START THE INPUT
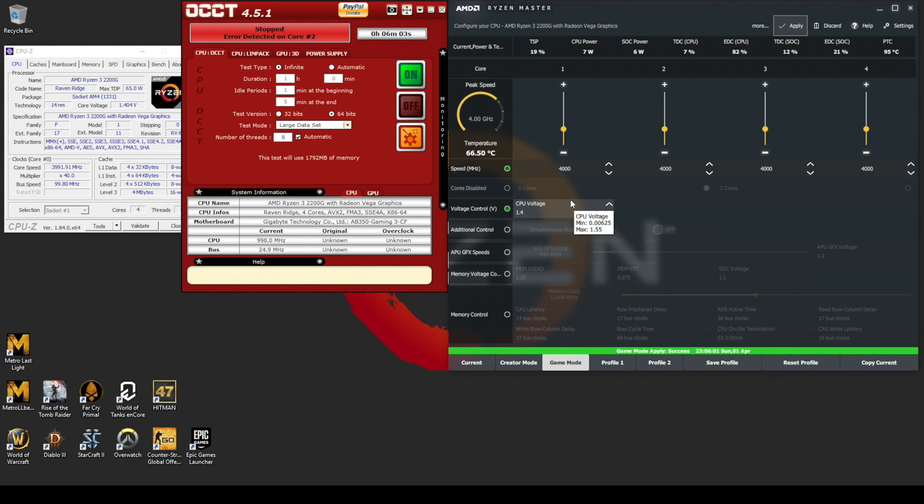Lower down the clock by 50MHz, click Apply, restart OCCT, and wait. At this point you should be able to run the test for at least 4 hours. If not, lower the frequency again until you can run the test for at least 5 hours. Then move to the last step: the GPU.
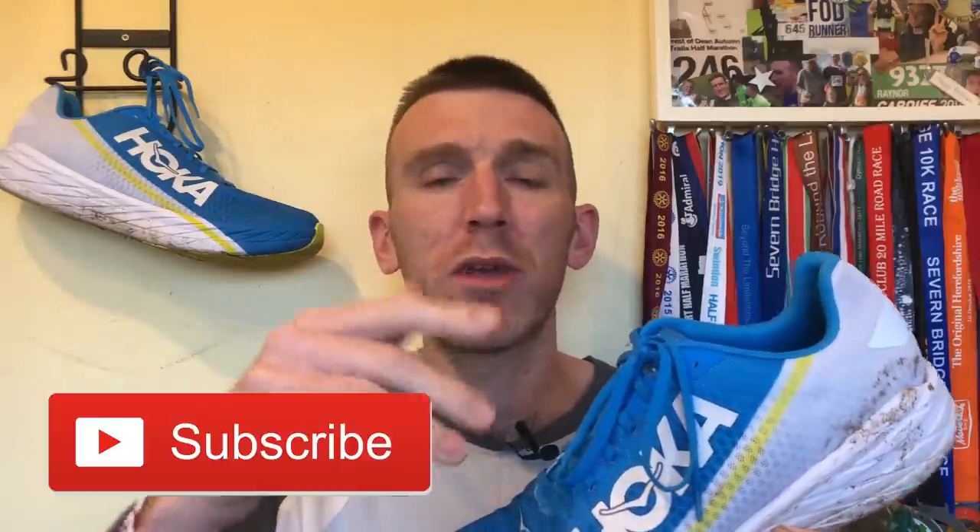With all first impressions we'll go through all the technical details of this shoe. If you're new to the channel make sure you stick around, hit that subscribe button because not only do we do first impressions, we do speed tests, long run tests and after 100 mile reviews, just to give you a good picture as to how the shoe has held up — its pros, cons and all of that stuff. So make sure you hit that subscribe button, give it a like, share it with your friends, and we'll start with the tech.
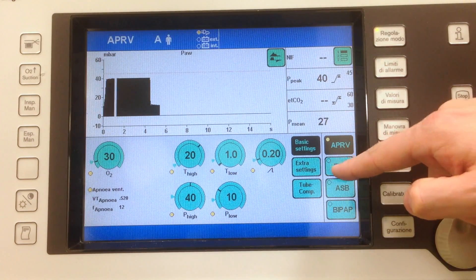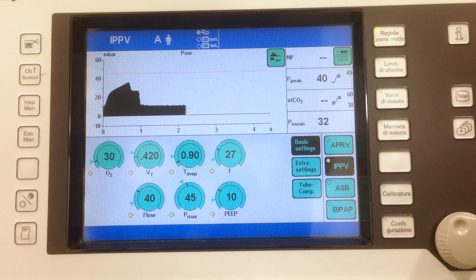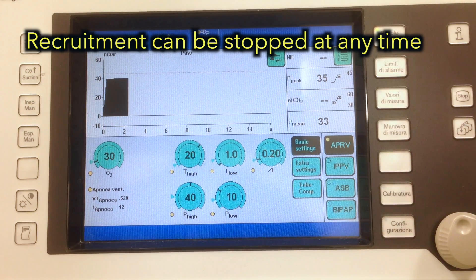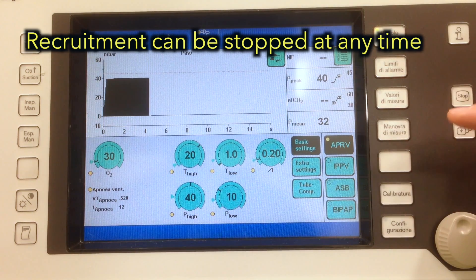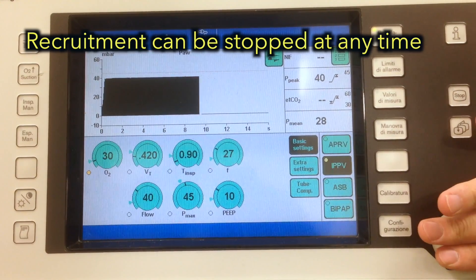Once this is finished, just switch back to your previous ventilatory mode. The recruitment maneuver can be interrupted at any time simply by switching back to your previous ventilatory mode.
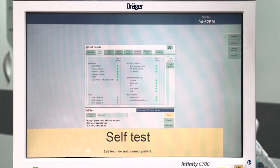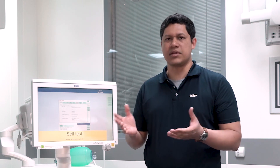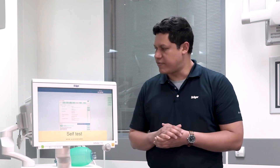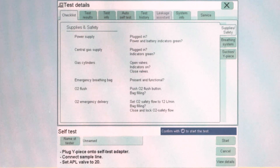In the display, you will see the test result, but first you will have to verify on the checklist. Here you will verify all the different components around the anesthesia device. The first group of components to verify are the ones related to the supplies and safety.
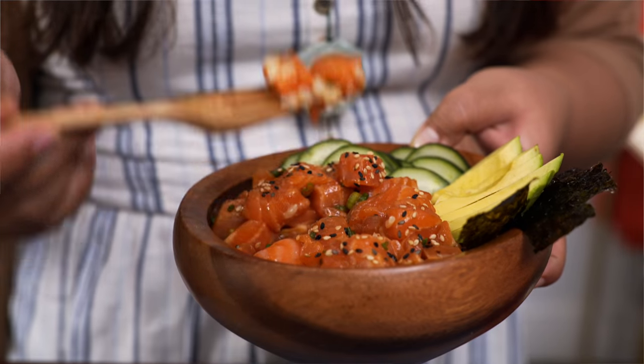I gotta have a second bite. I hope you guys give this a try. I'll see you next time — remember to just eat life.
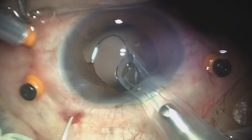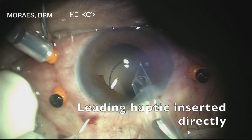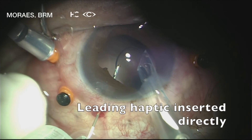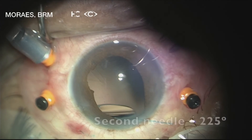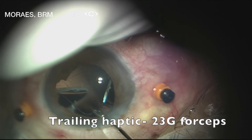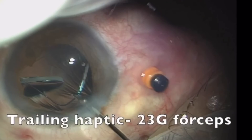The second tip is to insert the first haptic directly into the needle lumen. Using this suggested position, surgeons are able to use the left hand to hold the needle and the right hand to manage the haptic inside the anterior chamber. Here the surgeon uses a bipolar cautery for flange creation. The second needle was inserted at the 225 degree position and with retinal forceps the second haptic was inserted into the needle.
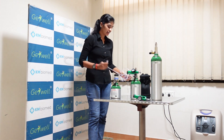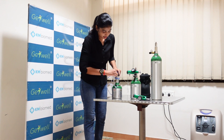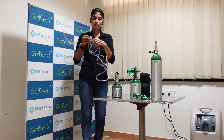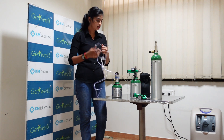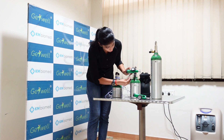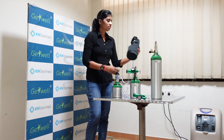This is the nasal cannula tube. On the conserver device you will have a nozzle — you can just insert it and then wear the prongs. You have to snug it in your nose and then you can use it. Similarly, on the other cylinder there is a nozzle on the humidifier — you just have to insert it, tighten it, and use it.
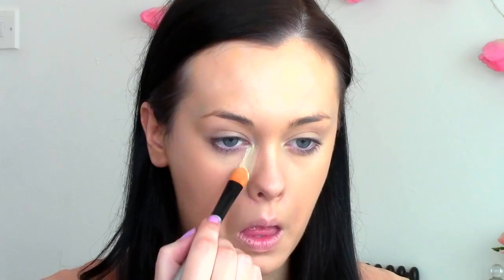I started off by applying a light layer of foundation just to give my skin a base to work with. Next I took the more yellow-toned highlighter, started at the inner corner of my eye, and brought it down to the tip of my nose and back up to the outer corner of my eye in a triangular shape, and just filled that in.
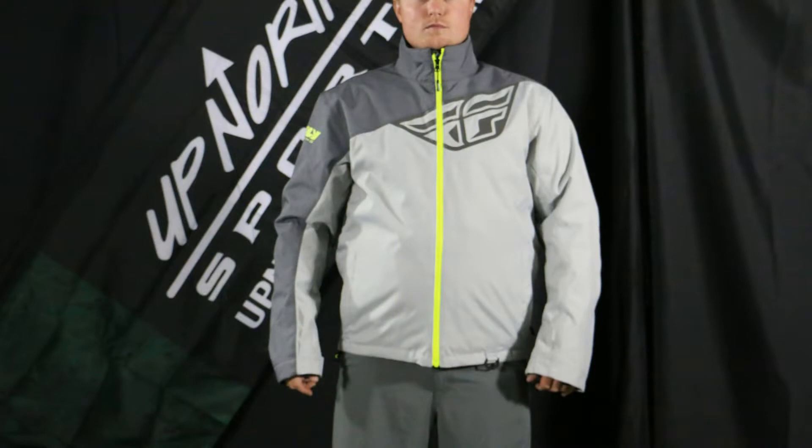Hey everybody, it's Matt here at Up North Sports. You're checking out the brand new redesigned Fly Aurora jacket. You're going to find it in two different color options available at UpNorthSports.com, so make sure you check out the available sizes and colors, as well as our sizing chart for Fly gear at UpNorthSports.com.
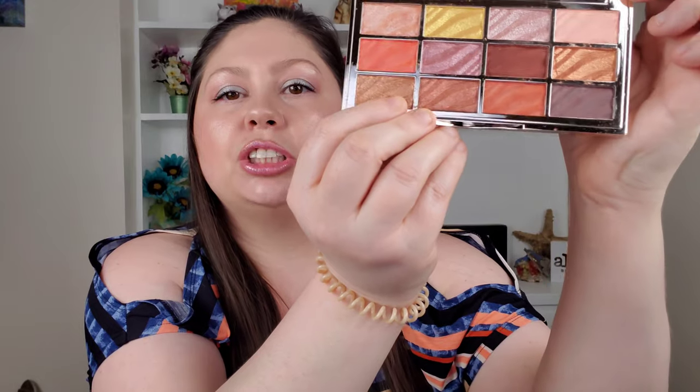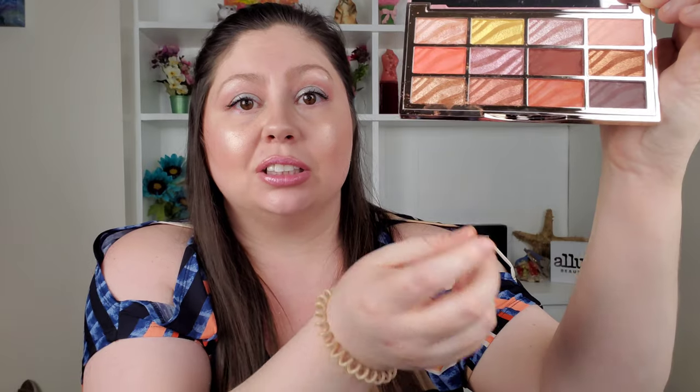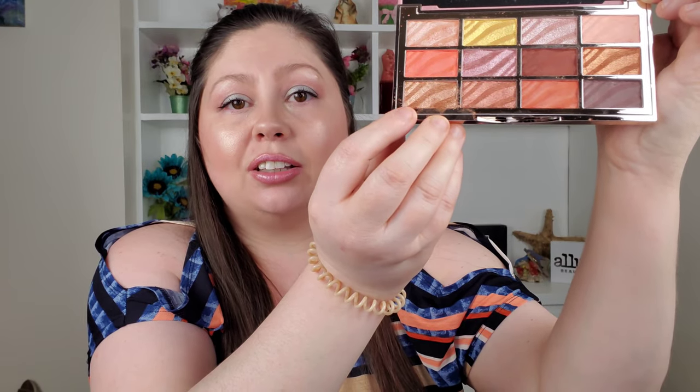Here's what they look like. One of the pans is not glued completely — it's got glue underneath it and it just popped right out when I first opened it. So you may have to glue it back in there. But these shades are so beautiful. I tried it out and I'm shocked.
END THE INPUT
_TASK:_
Skip the pictures and transcribe the rest of the records exactly.

_RESULT OF THIS TASK:_
Lower down the clock by 50MHz, click Apply, restart OCCT, and wait. At this point you should be able to run the test for at least 4 hours. If not, lower the frequency again until you can run the test for at least 5 hours. Then move to the last step: the GPU.
With all first impressions we'll go through all the technical details of this shoe. If you're new to the channel make sure you stick around, hit that subscribe button because not only do we do first impressions, we do speed tests, long run tests and after 100 mile reviews, just to give you a good picture as to how the shoe has held up — its pros, cons and all of that stuff. So make sure you hit that subscribe button, give it a like, share it with your friends, and we'll start with the tech.
Once this is finished, just switch back to your previous ventilatory mode. The recruitment maneuver can be interrupted at any time simply by switching back to your previous ventilatory mode.
In the display, you will see the test result, but first you will have to verify on the checklist. Here you will verify all the different components around the anesthesia device. The first group of components to verify are the ones related to the supplies and safety.
I gotta have a second bite. I hope you guys give this a try. I'll see you next time — remember to just eat life.
The second tip is to insert the first haptic directly into the needle lumen. Using this suggested position, surgeons are able to use the left hand to hold the needle and the right hand to manage the haptic inside the anterior chamber. Here the surgeon uses a bipolar cautery for flange creation. The second needle was inserted at the 225 degree position and with retinal forceps the second haptic was inserted into the needle.
This is the nasal cannula tube. On the conserver device you will have a nozzle — you can just insert it and then wear the prongs. You have to snug it in your nose and then you can use it. Similarly, on the other cylinder there is a nozzle on the humidifier — you just have to insert it, tighten it, and use it.
I started off by applying a light layer of foundation just to give my skin a base to work with. Next I took the more yellow-toned highlighter, started at the inner corner of my eye, and brought it down to the tip of my nose and back up to the outer corner of my eye in a triangular shape, and just filled that in.
Hey everybody, it's Matt here at Up North Sports. You're checking out the brand new redesigned Fly Aurora jacket. You're going to find it in two different color options available at UpNorthSports.com, so make sure you check out the available sizes and colors, as well as our sizing chart for Fly gear at UpNorthSports.com.
Here's what they look like. One of the pans is not glued completely — it's got glue underneath it and it just popped right out when I first opened it. So you may have to glue it back in there. But these shades are so beautiful. I tried it out and I'm shocked.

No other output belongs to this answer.